Records drawn from a dataset:
━━━━━━━━━━

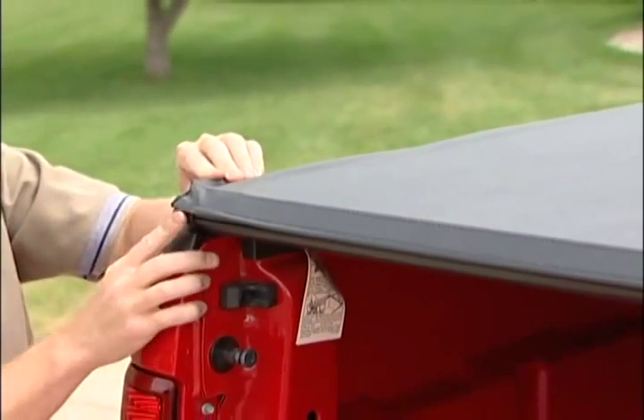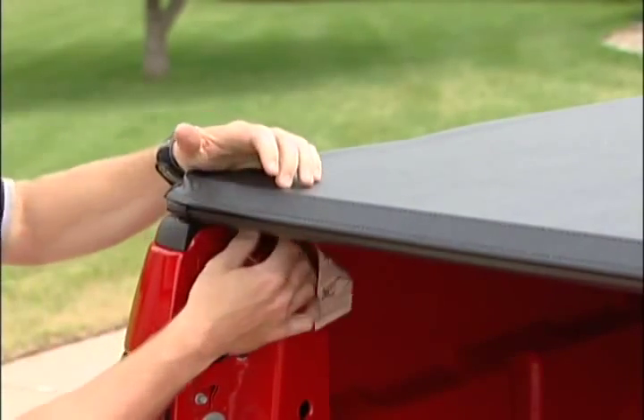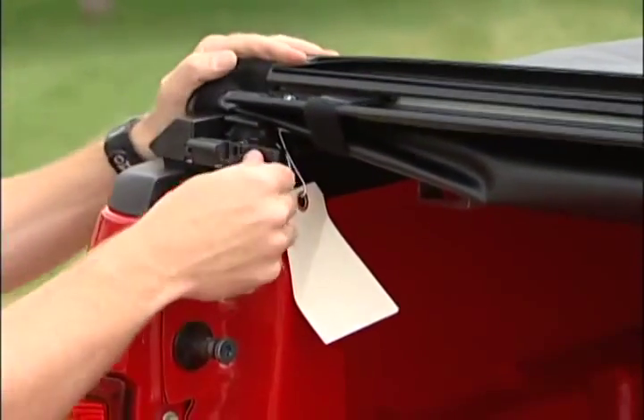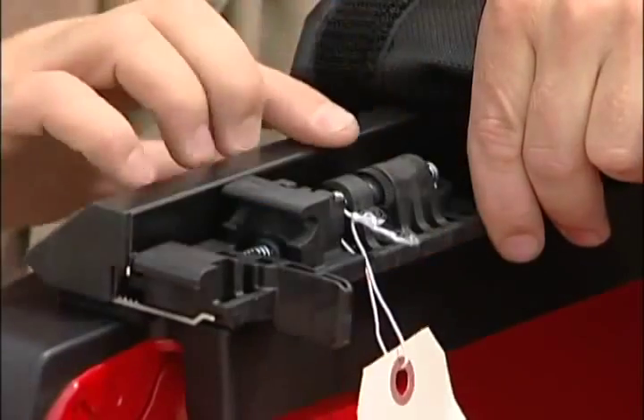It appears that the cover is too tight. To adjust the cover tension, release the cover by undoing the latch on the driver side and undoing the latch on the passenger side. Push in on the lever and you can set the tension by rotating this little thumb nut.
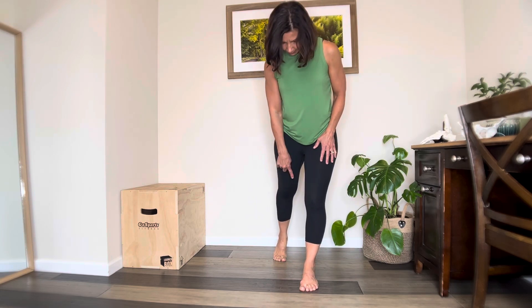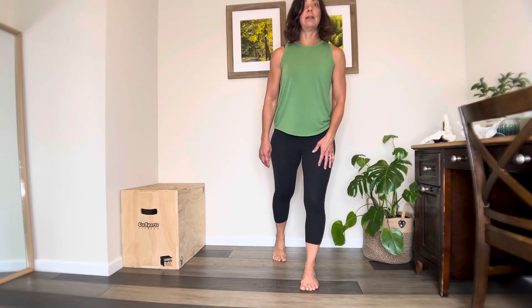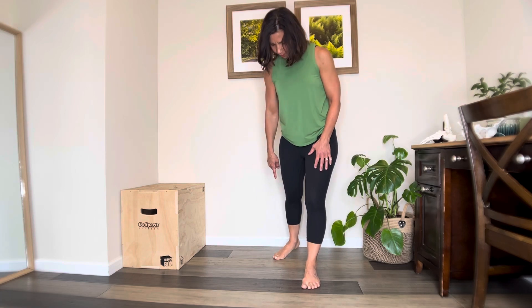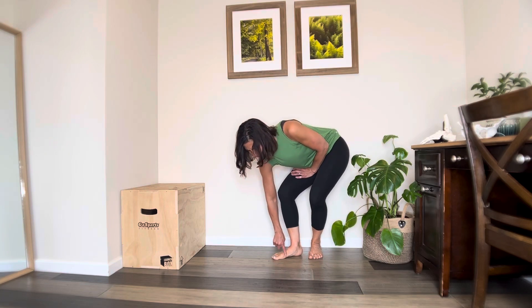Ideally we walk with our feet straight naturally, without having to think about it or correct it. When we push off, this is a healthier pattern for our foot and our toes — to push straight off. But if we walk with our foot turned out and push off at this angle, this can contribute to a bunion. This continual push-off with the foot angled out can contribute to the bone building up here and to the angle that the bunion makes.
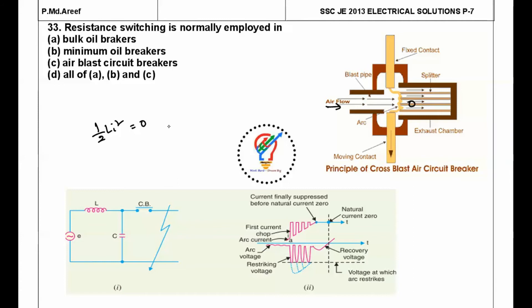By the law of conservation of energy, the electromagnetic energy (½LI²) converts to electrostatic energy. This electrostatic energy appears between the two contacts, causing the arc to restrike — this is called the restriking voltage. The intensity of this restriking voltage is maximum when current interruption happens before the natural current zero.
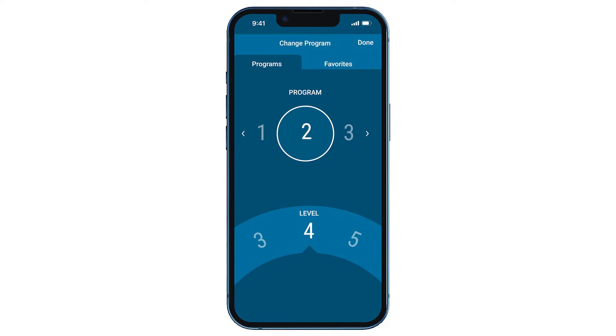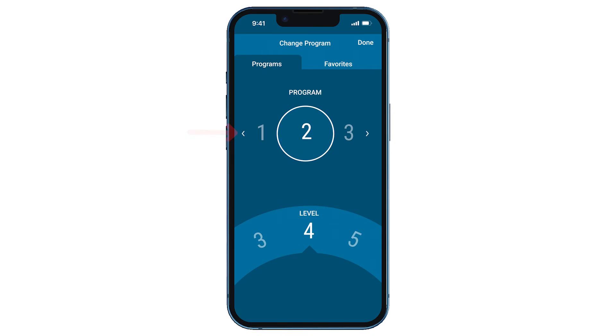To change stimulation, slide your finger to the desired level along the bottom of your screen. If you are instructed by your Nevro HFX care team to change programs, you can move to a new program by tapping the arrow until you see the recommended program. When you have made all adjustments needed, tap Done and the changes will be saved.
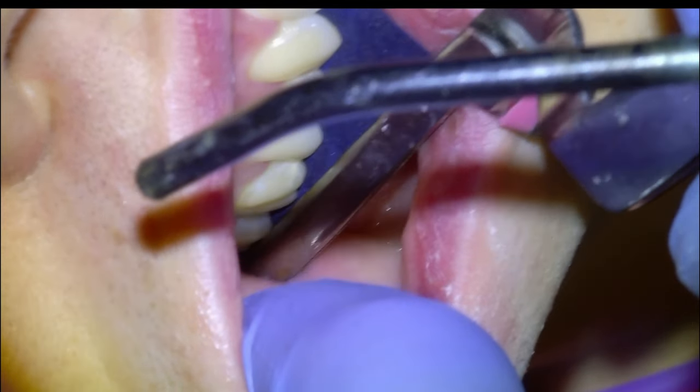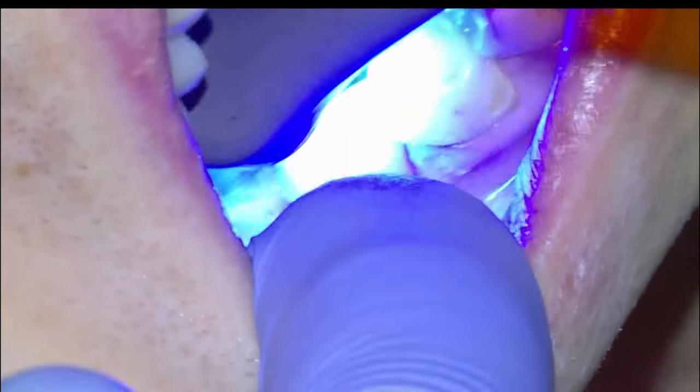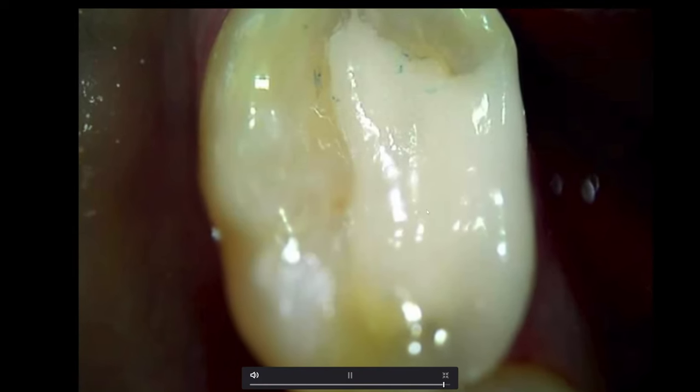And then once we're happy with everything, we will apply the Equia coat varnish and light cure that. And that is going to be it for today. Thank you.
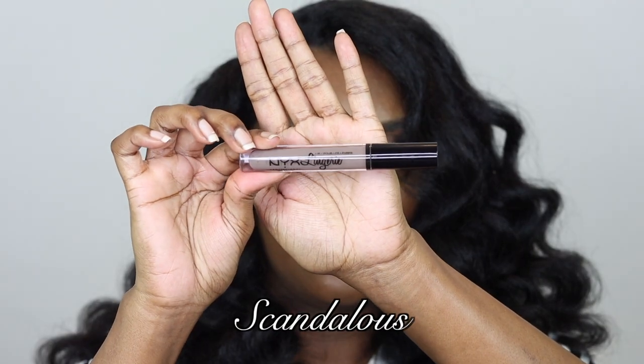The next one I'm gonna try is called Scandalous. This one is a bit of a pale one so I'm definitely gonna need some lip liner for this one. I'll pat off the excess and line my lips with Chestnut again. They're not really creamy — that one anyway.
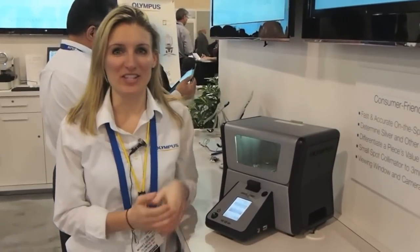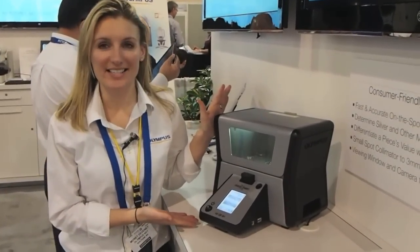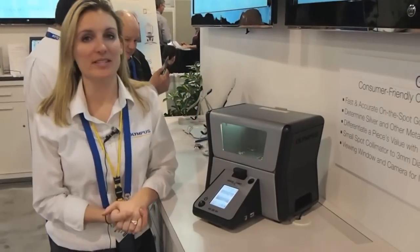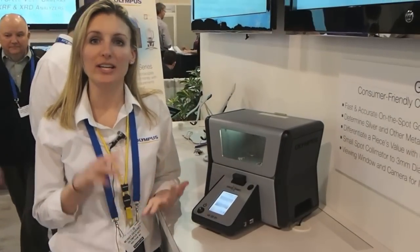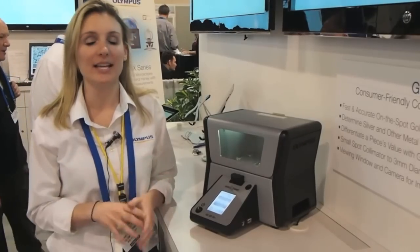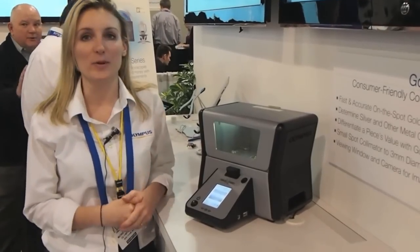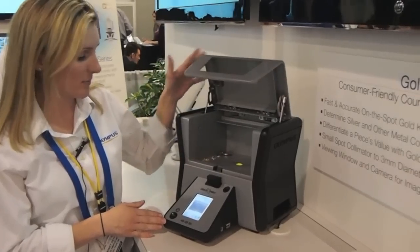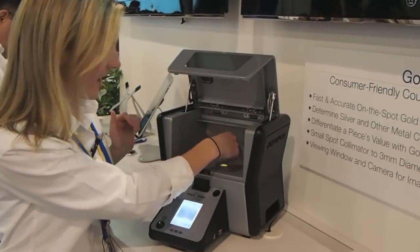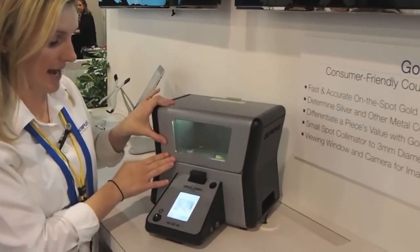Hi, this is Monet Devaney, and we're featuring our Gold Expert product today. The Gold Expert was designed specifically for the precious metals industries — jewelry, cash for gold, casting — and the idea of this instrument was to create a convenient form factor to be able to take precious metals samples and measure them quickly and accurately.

━━━━━━━━━━

Only the lines from the start of the records above through the line containing "The next one" should be returned, exactly and with both ends, please; the pictures stay out.

Exercise output —
It appears that the cover is too tight. To adjust the cover tension, release the cover by undoing the latch on the driver side and undoing the latch on the passenger side. Push in on the lever and you can set the tension by rotating this little thumb nut.
Ideally we walk with our feet straight naturally, without having to think about it or correct it. When we push off, this is a healthier pattern for our foot and our toes — to push straight off. But if we walk with our foot turned out and push off at this angle, this can contribute to a bunion. This continual push-off with the foot angled out can contribute to the bone building up here and to the angle that the bunion makes.
By the law of conservation of energy, the electromagnetic energy (½LI²) converts to electrostatic energy. This electrostatic energy appears between the two contacts, causing the arc to restrike — this is called the restriking voltage. The intensity of this restriking voltage is maximum when current interruption happens before the natural current zero.
To change stimulation, slide your finger to the desired level along the bottom of your screen. If you are instructed by your Nevro HFX care team to change programs, you can move to a new program by tapping the arrow until you see the recommended program. When you have made all adjustments needed, tap Done and the changes will be saved.
And then once we're happy with everything, we will apply the Equia coat varnish and light cure that. And that is going to be it for today. Thank you.
The next one I'm gonna try is called Scandalous. This one is a bit of a pale one so I'm definitely gonna need some lip liner for this one. I'll pat off the excess and line my lips with Chestnut again. They're not really creamy — that one anyway.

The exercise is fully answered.